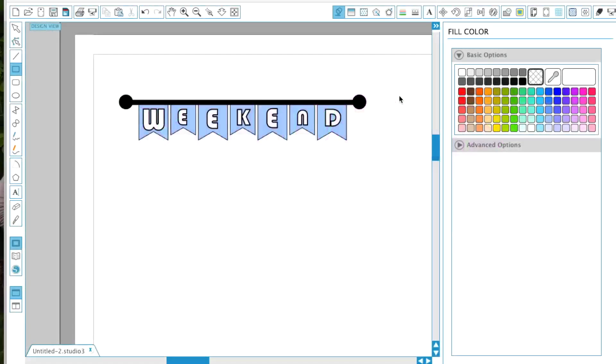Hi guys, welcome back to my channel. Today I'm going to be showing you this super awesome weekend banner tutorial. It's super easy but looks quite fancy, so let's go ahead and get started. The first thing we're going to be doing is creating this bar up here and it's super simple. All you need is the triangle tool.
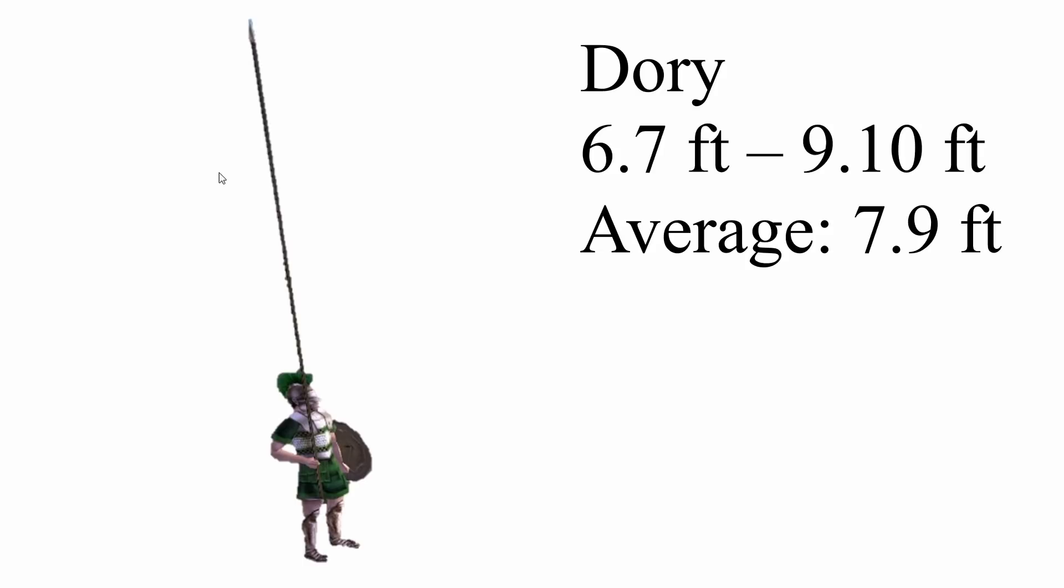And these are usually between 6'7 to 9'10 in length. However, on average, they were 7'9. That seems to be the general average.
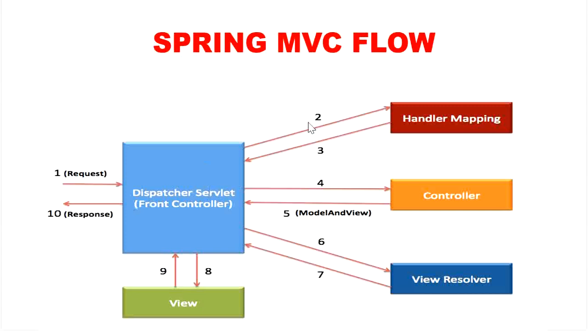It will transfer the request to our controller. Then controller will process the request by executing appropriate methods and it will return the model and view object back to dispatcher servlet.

◇ ◇ ◇ ◇ ◇ ◇ ◇

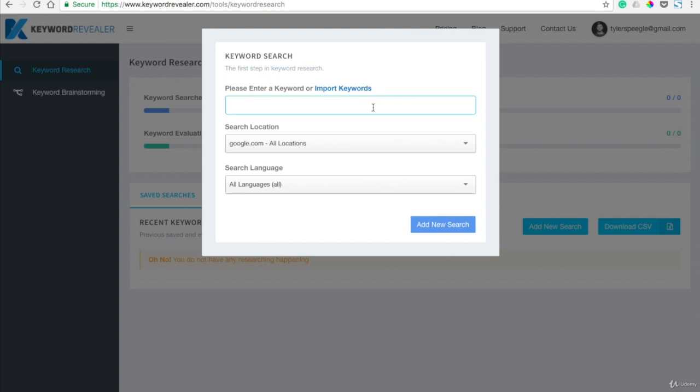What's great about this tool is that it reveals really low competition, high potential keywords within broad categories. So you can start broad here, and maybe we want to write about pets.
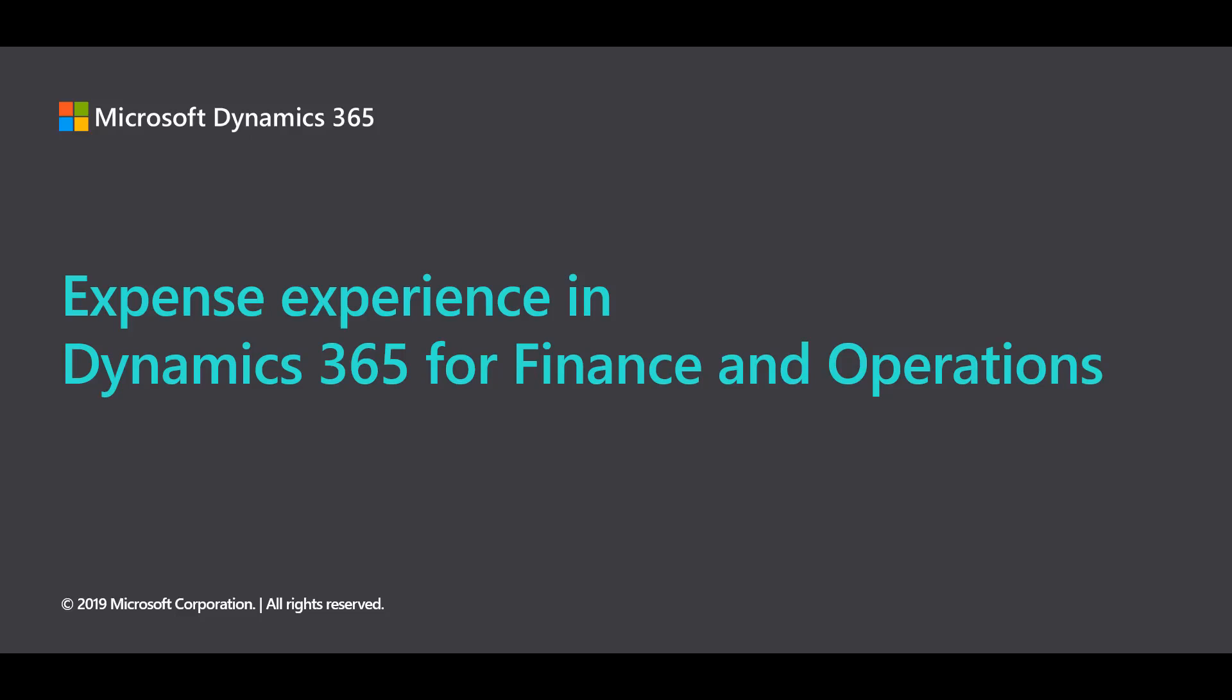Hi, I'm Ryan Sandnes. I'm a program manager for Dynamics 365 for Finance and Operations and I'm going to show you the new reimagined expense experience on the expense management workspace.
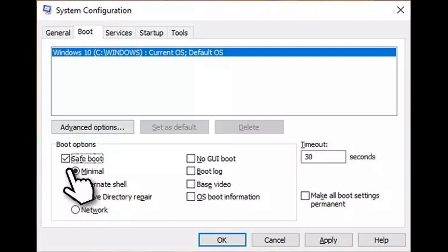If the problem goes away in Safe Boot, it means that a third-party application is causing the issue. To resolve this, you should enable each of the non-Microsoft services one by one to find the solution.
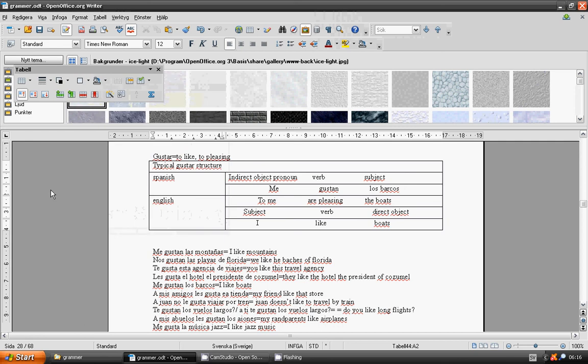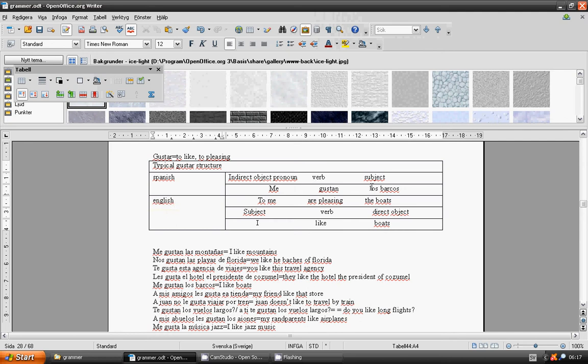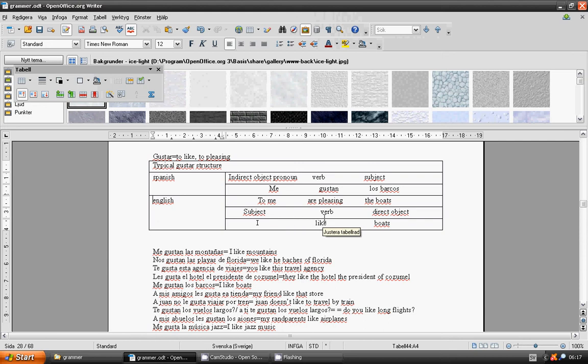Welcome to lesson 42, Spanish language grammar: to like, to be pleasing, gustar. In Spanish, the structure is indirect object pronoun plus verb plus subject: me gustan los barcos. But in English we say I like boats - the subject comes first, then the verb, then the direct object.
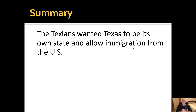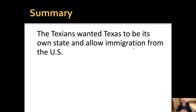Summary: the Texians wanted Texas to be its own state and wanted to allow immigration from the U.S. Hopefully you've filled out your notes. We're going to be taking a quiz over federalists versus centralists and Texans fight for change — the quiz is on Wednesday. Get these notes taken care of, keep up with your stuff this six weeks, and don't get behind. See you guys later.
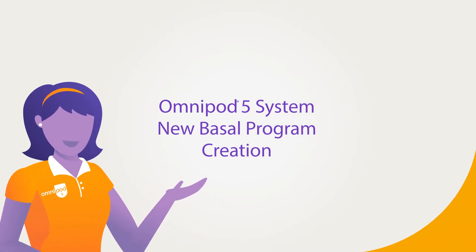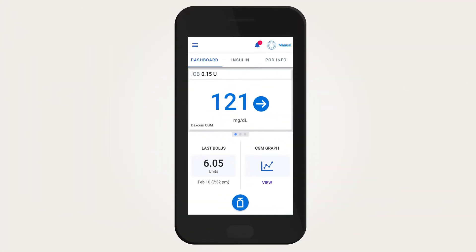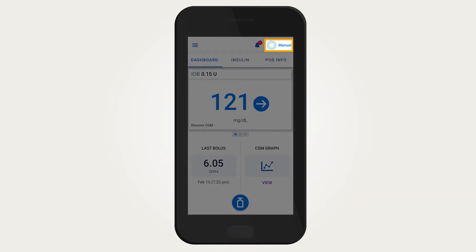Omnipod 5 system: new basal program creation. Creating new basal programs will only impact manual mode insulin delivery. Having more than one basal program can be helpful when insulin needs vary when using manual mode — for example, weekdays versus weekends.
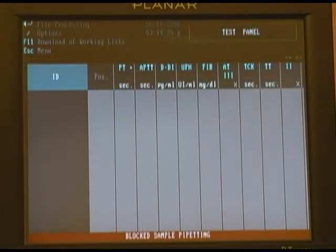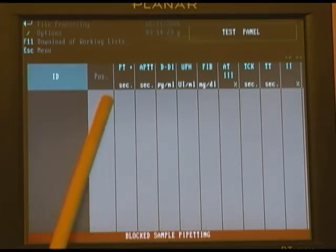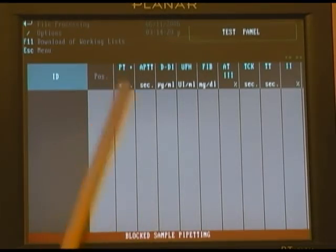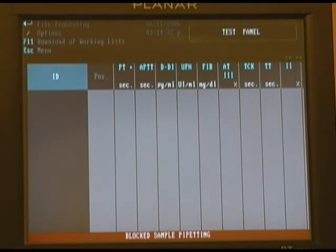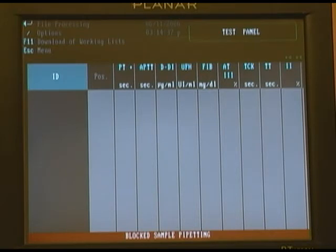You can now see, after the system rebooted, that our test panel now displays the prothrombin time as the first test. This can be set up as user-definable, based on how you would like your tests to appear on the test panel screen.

◇ ◇ ◇ ◇ ◇ ◇ ◇

What's needed is an exact copy of the records above from the line containing "And these are" down to the line containing "It will transfer", both included, without any pictures.

And these are usually between 6'7 to 9'10 in length. However, on average, they were 7'9. That seems to be the general average.
It will transfer the request to our controller. Then controller will process the request by executing appropriate methods and it will return the model and view object back to dispatcher servlet.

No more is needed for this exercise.